His 'being taken up' refers to his crucifixion, the
moment in which he was 'lifted up from the earth to draw
all people to himself' (John 12:32). It can also be
taken to refer to his resurrection from the dead. And it
is complete in his exaltation to the right hand of the
Father. He has been taken up to the place of glory that
is eternally his.
In
the Temple at Jerusalem the High Priest went up into the
Holy of Holies once a year, on the Day of Atonement,
carrying the blood of sacrificed animals. Through him
Israel asked forgiveness of the Lord and a renewal of
the covenant. The only other person allowed to enter the
Holy of Holies was a new King, on the day he was
enthroned. The psalms and other texts of scripture speak
about the king going up to a place of honour in the
presence of the Lord, the God of Israel.
This is important background for understanding the
Ascension of Jesus. He is our high priest who enters the
Holy of Holies, not the earthly one in Jerusalem, but
the great and perfect one in heaven. The blood he
carries is not that of animals but his own blood, which
is offered once and for all to gain 'an eternal
redemption' (Hebrews 9:12). Seated at the right hand of
the Father, enthroned as judge of all, Jesus is our king
and our high priest.
Ascension Day is, then, the original feast of Christ the
King. Because of his love and obedience the Father has
exalted him and given him 'the name above all other
names' (Philippians 2:9). We celebrate his victory, and
its meaning for us, the fact that he is become 'the
source of eternal salvation for all who obey him'
(Hebrews 5:9). As the prayers of today's Mass put it, he
has been 'taken up to heaven to claim for us a share in
his divine life' and 'where he has gone, we hope to
follow'.
The closing verses of the Gospel of Luke are read for
Ascension Day this year. Although Jesus 'withdrew from
them and was carried up to heaven' the disciples
returned to
Jerusalem
'with great joy, and were continually in the temple
blessing God' (Luke 24:53). They understood, it seems,
the meaning of his exaltation. They await the gift of
the Spirit, the power from on high that Jesus will send.
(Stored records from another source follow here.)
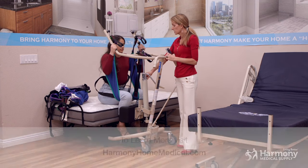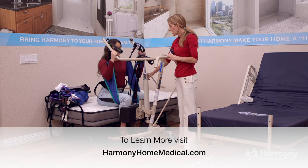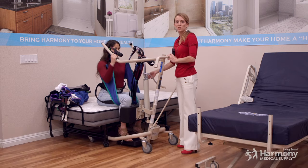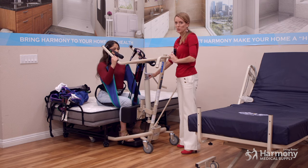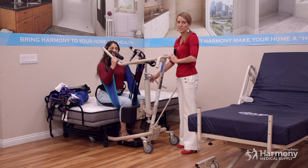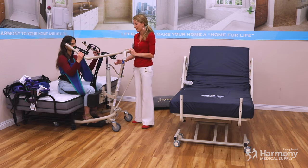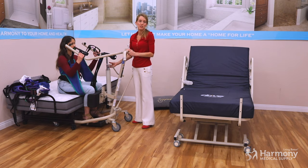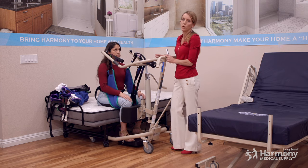With hydraulic patient lifts that have valves, when they're nice and new the descent is gradual and comes down nice and slow. Over time they can get a little worn, so you want to gauge how quickly the valve releases. I've had the scenario where you hit open and it just goes way too fast. So always be safe — always make sure you're letting the level down slowly and into the right position. This sling and lift setup can certainly help you do that.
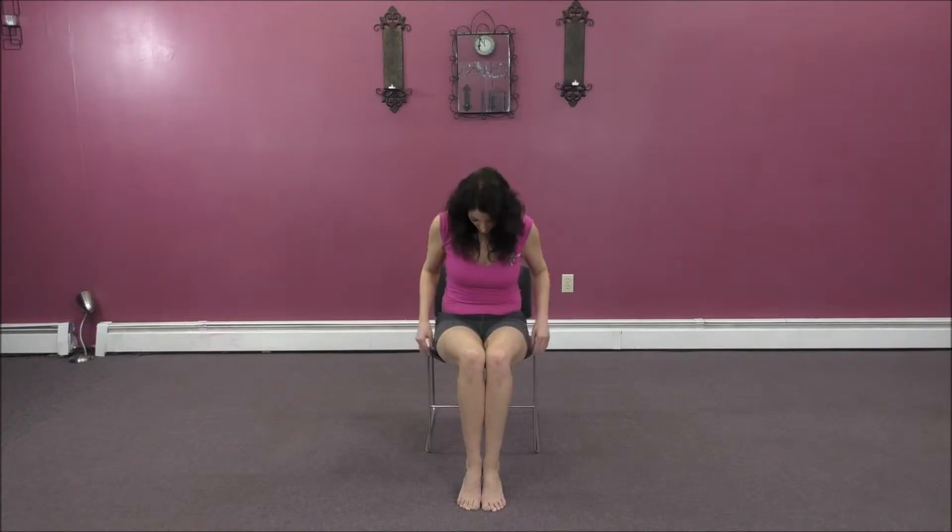You can do these few moves at your desk. You can slide right under the desk and do some of them — no one will ever know. If not, just wait until your break. So let's start here, right on the edge of your seat.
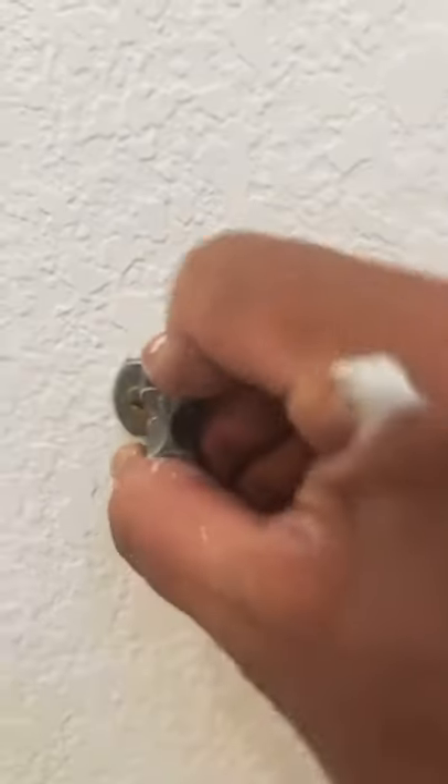I pulled out my handy-dandy allen wrench, pulled the cover, and come to find out they actually did use drywall anchors. The only thing with these anchors is that they're a little too big for the spacing of the screws, and they just created one big ol' hole.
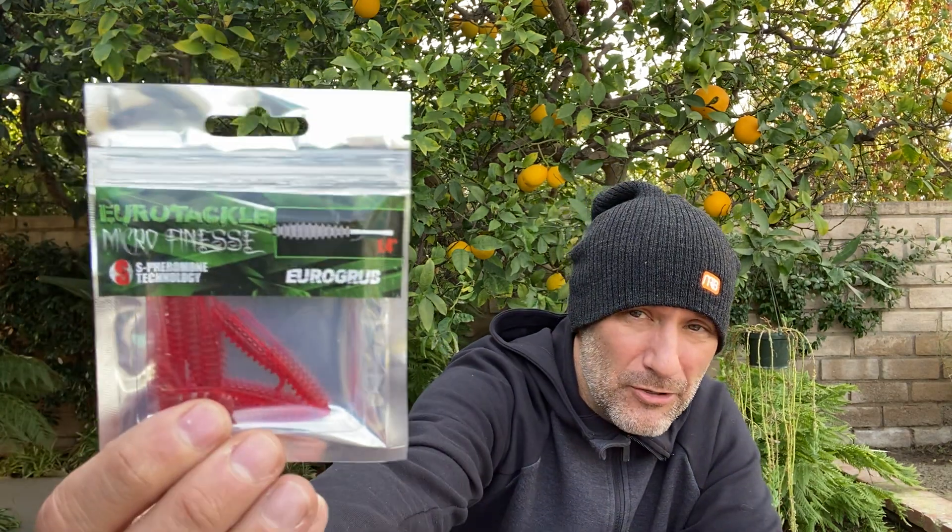From EuroTackle, these are some micro finesse Euro Grubs — 1.4 inch Euro Grubs.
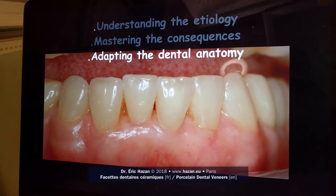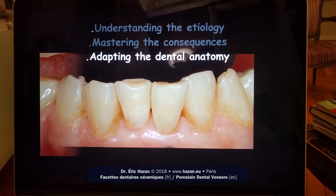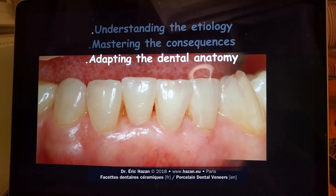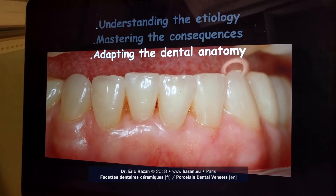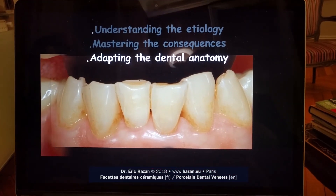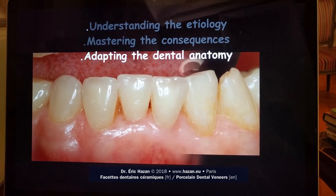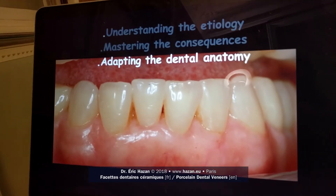The main problem in this case is to restore the function by restoring the teeth in a way that gives back to the teeth the strength and the possibility to function the same way — or very close to the way they were functioning prior to these deformations. To do this, we are going to adapt the dental anatomy.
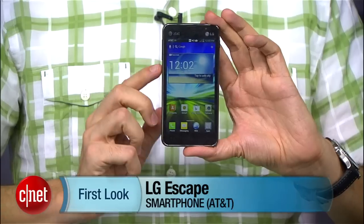Hi, I'm Kent German, Senior Managing Editor here at CNET. Today we're going to take a first look at the LG Escape for AT&T.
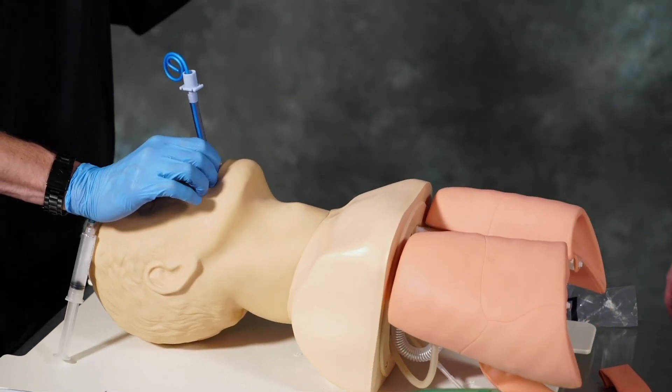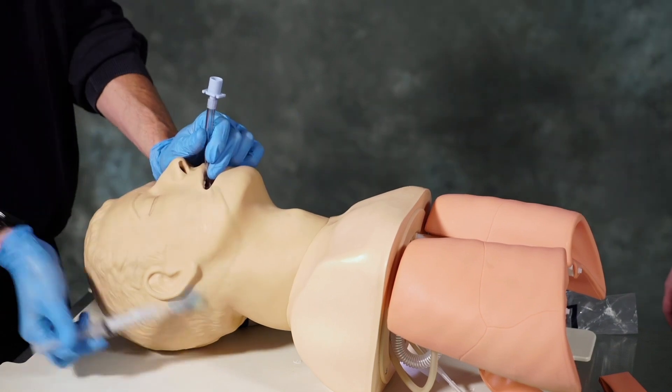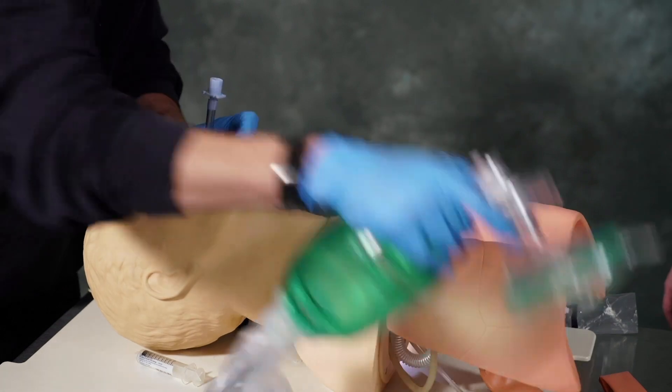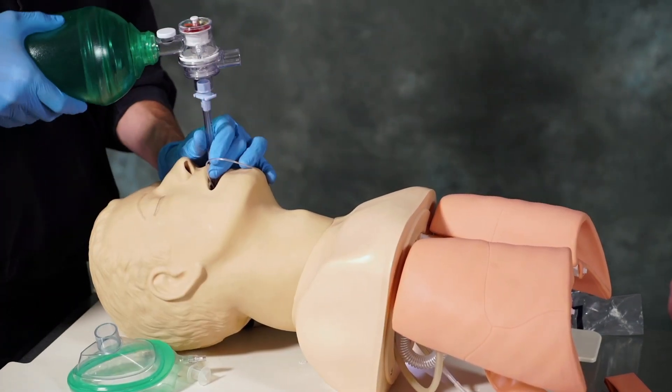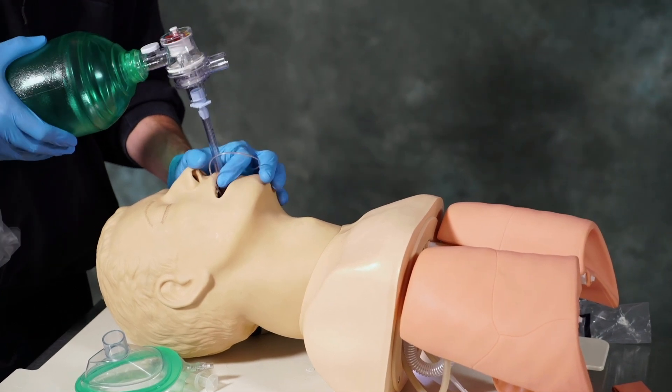Once we have it in place, we remove the blade, pull the stylet, and inflate the cuff with 10cc's of air. Once we have that completed, we want to make sure that the BVM is flowing well and that we have good chest rise, ensuring that the tube is in proper position.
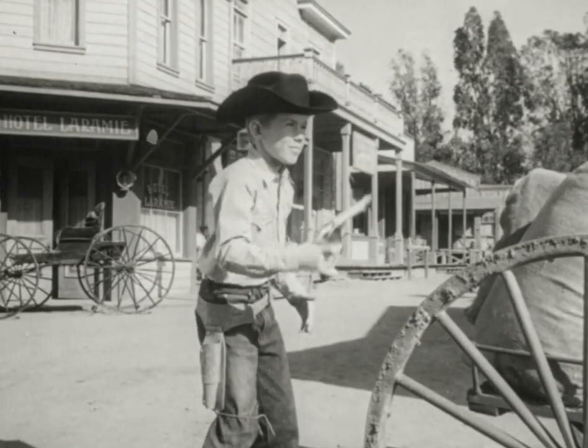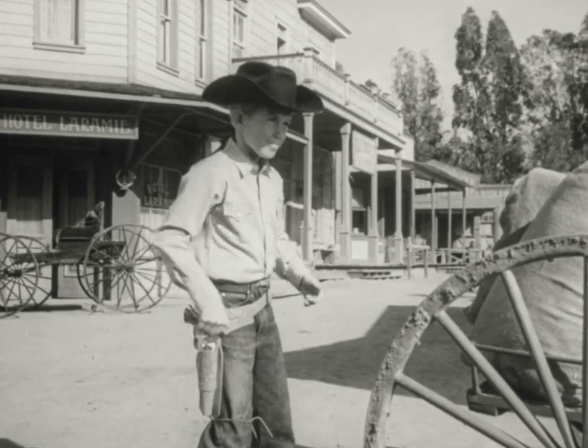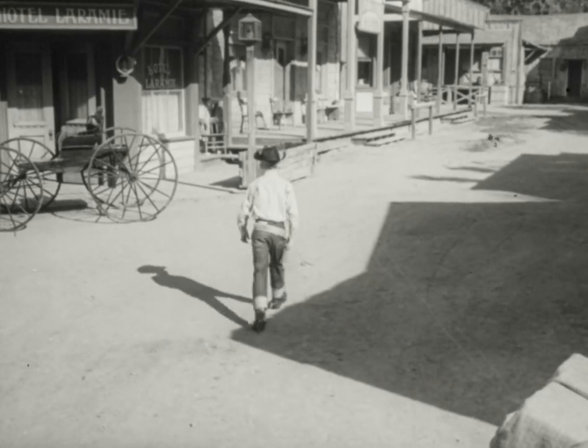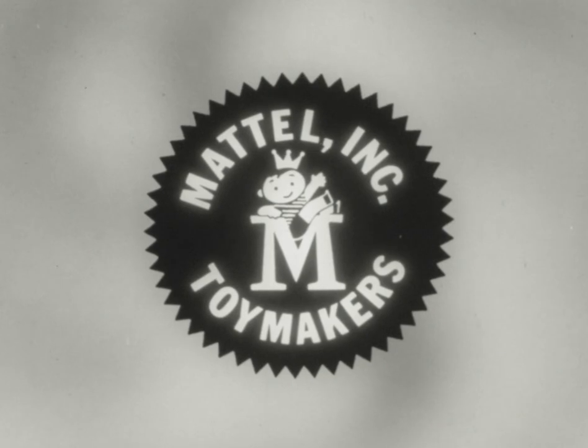All of Mattel's shoot-and-shell fanners and holsters carry the true stamp of the Old West. And every boy will walk tall when he wears a holster and pistol with a Mattel brand. You can tell it's Mattel. It's swell.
Jesus had said to his disciples, 'if I do not go away he
(the Advocate, the Holy Spirit) cannot come to you'
(John 16:7). Exalted to the right hand of the Father he
sends the Holy Spirit as he had promised. This is why we
rejoice at his departure, because his return to the
Father establishes a new bond between heaven and earth.
In sending the Spirit, Jesus fulfils his promise to
remain with us always. We become his physical presence
in the world, his body alive with his love. If he is
with us in the Spirit, where can we be except with him
in the same Spirit?
Our lives have been configured to this great paschal
mystery of Jesus, to his death, resurrection,
exaltation, and sending of the Spirit. Through baptism
we enter sacramentally into the tomb with Jesus so that
we may also rise with him as members of his body.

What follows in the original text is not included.